Move will allow Indian exporters greater access to EU.

The European Union may cut import duties on more items as compared to India in the proposed Comprehensive Economic Partnership Agreement (CEPA), which is being currently negotiated by both the sides. The pact covers free trade of goods, services and investment between the two blocs.

The duty cut move will allow Indian exporters greater access to the EU market. India has asked for protecting 10 per cent of the nearly 5,000 goods that are being traded between the two sides by bringing them under the “sensitive list” which will see lesser or no duty cuts. At the same time, it has asked EU to do the same for half the amount of items.

Government officials said the EU was “willing” to consider India’s demand for more protection. Both the sides have exchanged the possible list of items that could be put in the sensitive list, where duties will not be completely slashed

EU already has one-fourth of its total goods traded at zero duty. Thus the economic bloc will have to bring down duties in the rest of the goods. At the same time, India will have to bring down duties in a greater number of items. “Due to this inherent asymmetry in trade (where EU has large number of items already in zero duty), we have asked for reconsideration of the sensitive list,” said a senior commerce ministry official.

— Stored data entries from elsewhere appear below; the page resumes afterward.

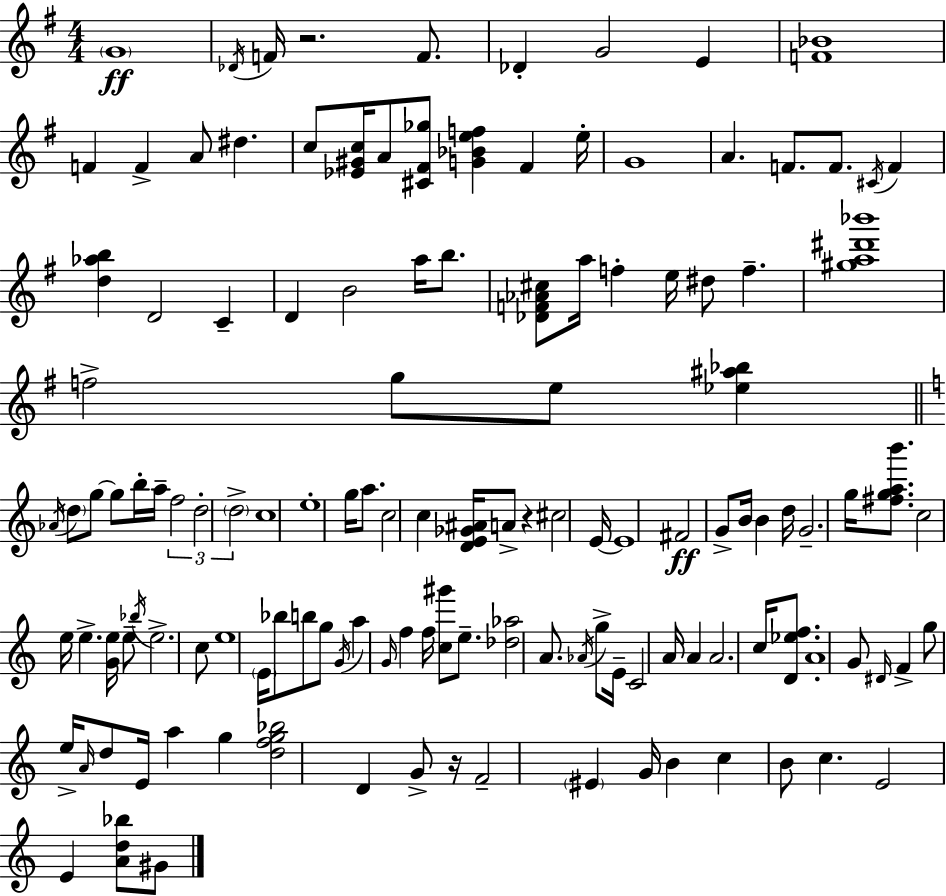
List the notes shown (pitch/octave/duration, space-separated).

G4/w Db4/s F4/s R/h. F4/e. Db4/q G4/h E4/q [F4,Bb4]/w F4/q F4/q A4/e D#5/q. C5/e [Eb4,G#4,C5]/s A4/e [C#4,F#4,Gb5]/e [G4,Bb4,E5,F5]/q F#4/q E5/s G4/w A4/q. F4/e. F4/e. C#4/s F4/q [D5,Ab5,B5]/q D4/h C4/q D4/q B4/h A5/s B5/e. [Db4,F4,Ab4,C#5]/e A5/s F5/q E5/s D#5/e F5/q. [G#5,A5,D#6,Bb6]/w F5/h G5/e E5/e [Eb5,A#5,Bb5]/q Ab4/s D5/e G5/e G5/e B5/s A5/s F5/h D5/h D5/h C5/w E5/w G5/s A5/e. C5/h C5/q [D4,E4,Gb4,A#4]/s A4/e R/q C#5/h E4/s E4/w F#4/h G4/e B4/s B4/q D5/s G4/h. G5/s [F#5,G5,A5,B6]/e. C5/h E5/s E5/q. [G4,E5]/s E5/e Bb5/s E5/h. C5/e E5/w E4/s Bb5/e B5/e G5/e G4/s A5/q G4/s F5/q F5/s [C5,G#6]/e E5/e. [Db5,Ab5]/h A4/e. Ab4/s G5/e E4/s C4/h A4/s A4/q A4/h. C5/s [D4,Eb5,F5]/e. A4/w G4/e D#4/s F4/q G5/e E5/s A4/s D5/e E4/s A5/q G5/q [D5,F5,G5,Bb5]/h D4/q G4/e R/s F4/h EIS4/q G4/s B4/q C5/q B4/e C5/q. E4/h E4/q [A4,D5,Bb5]/e G#4/e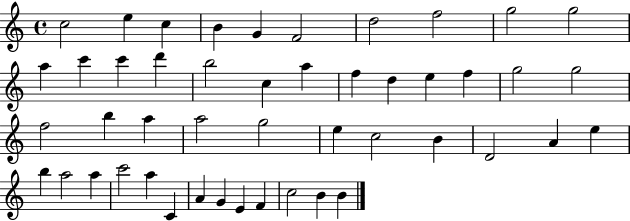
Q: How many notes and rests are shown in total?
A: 47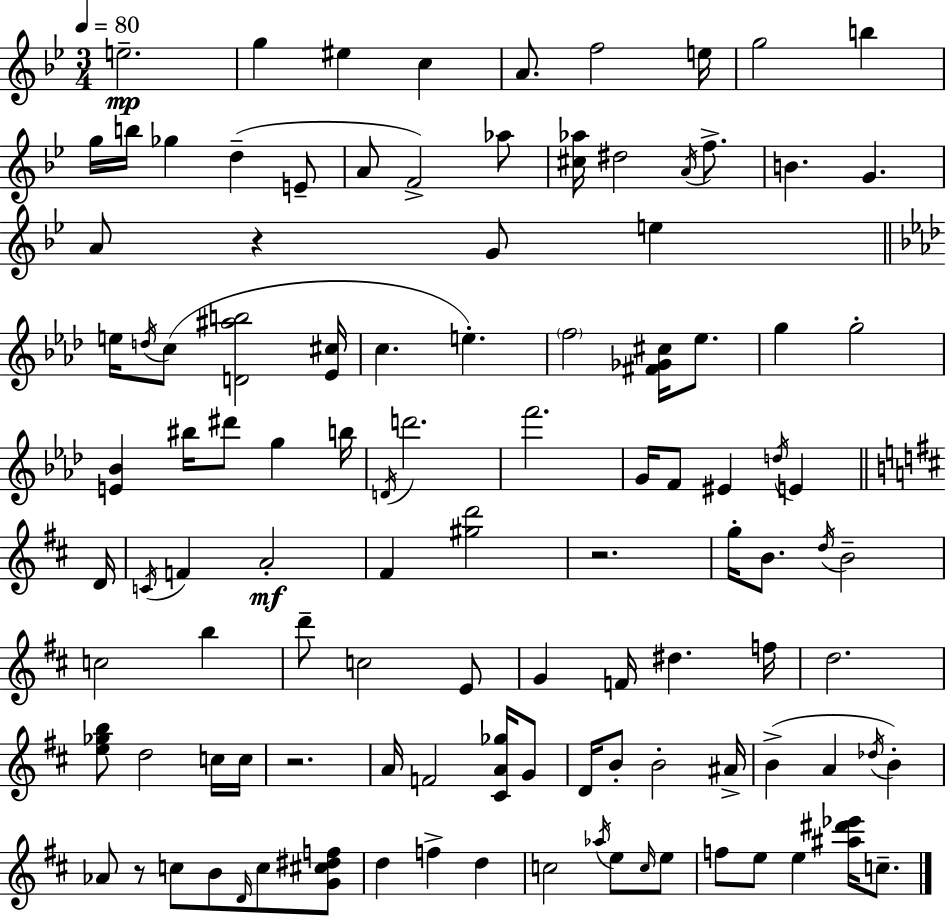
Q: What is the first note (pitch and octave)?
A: E5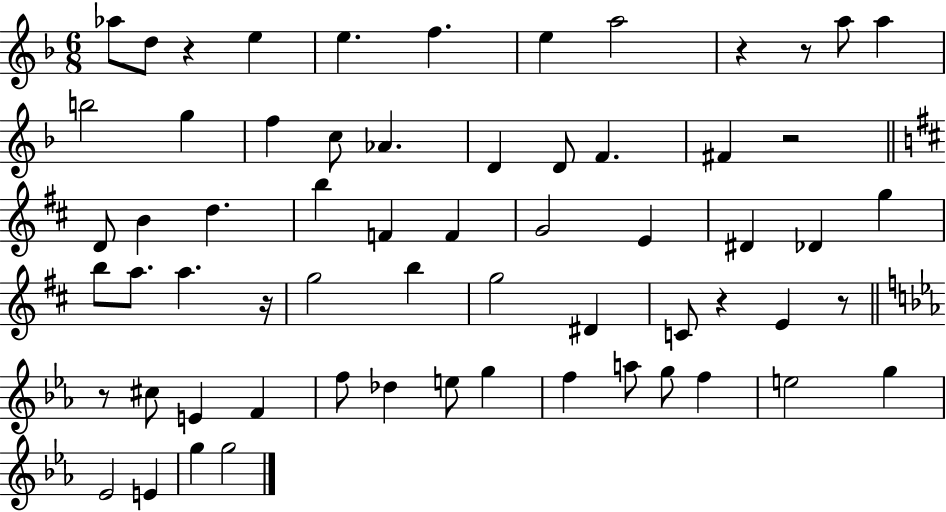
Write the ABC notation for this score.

X:1
T:Untitled
M:6/8
L:1/4
K:F
_a/2 d/2 z e e f e a2 z z/2 a/2 a b2 g f c/2 _A D D/2 F ^F z2 D/2 B d b F F G2 E ^D _D g b/2 a/2 a z/4 g2 b g2 ^D C/2 z E z/2 z/2 ^c/2 E F f/2 _d e/2 g f a/2 g/2 f e2 g _E2 E g g2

In a bid to capture the views of the Indian industry, the commerce ministry earlier this month had carried out an extensive exercise in collaboration with the United Nations Conference for Trade and Development (Unctad) to finalise a comprehensive list of items to be identified as sensitive. India’s sensitive list comprises primarily dairy and agri products, chemical, leather and automobile components.

The EU sensitive mostly contains farm products, as well as chemicals and textiles items. The official said complementarities need to be chalked out on agri-products.

The question of agri-commodities may be a political one for EU but for India it remains a largely economic one, the official said. Although the share of agriculture in total Gross Domestic Product (GDP) is only 18 per cent, three-fifths of the population still lives off farms and related activity.

“It is essential to get some additional flexibility in the agreement for effective market access. A longer negative list and bringing down tariff rates slower than normal are two ways to achieve this,” said Biswajit Dhar, director general, Research and Information Centre for Developing Countries (RIS).

He said that some disciplining was needed with regard to the use of non-tariff barriers like food safety and sanitary and phytosanitary measures (SPS) for increasing market access prospects.

Talking about the future of the EU-FTA trade talks, the commerce ministry official said, “The upcoming discussions will indicate the progress.” India wants to expedite the talks on this big-ticket trade deal and is expecting some headway when the next rounds of talks take place next month.

Talks on the treaty started in 2007. Six rounds of negotiations have since been held but the two sides have not been able to arrive at a consensus on the level of trade to be covered under the FTA, which will eventually eliminate duties on goods traded.

According to the Department of Commerce, EU is India’s largest trading partner and total bilateral trade stood at over $70 billion in 2008-09.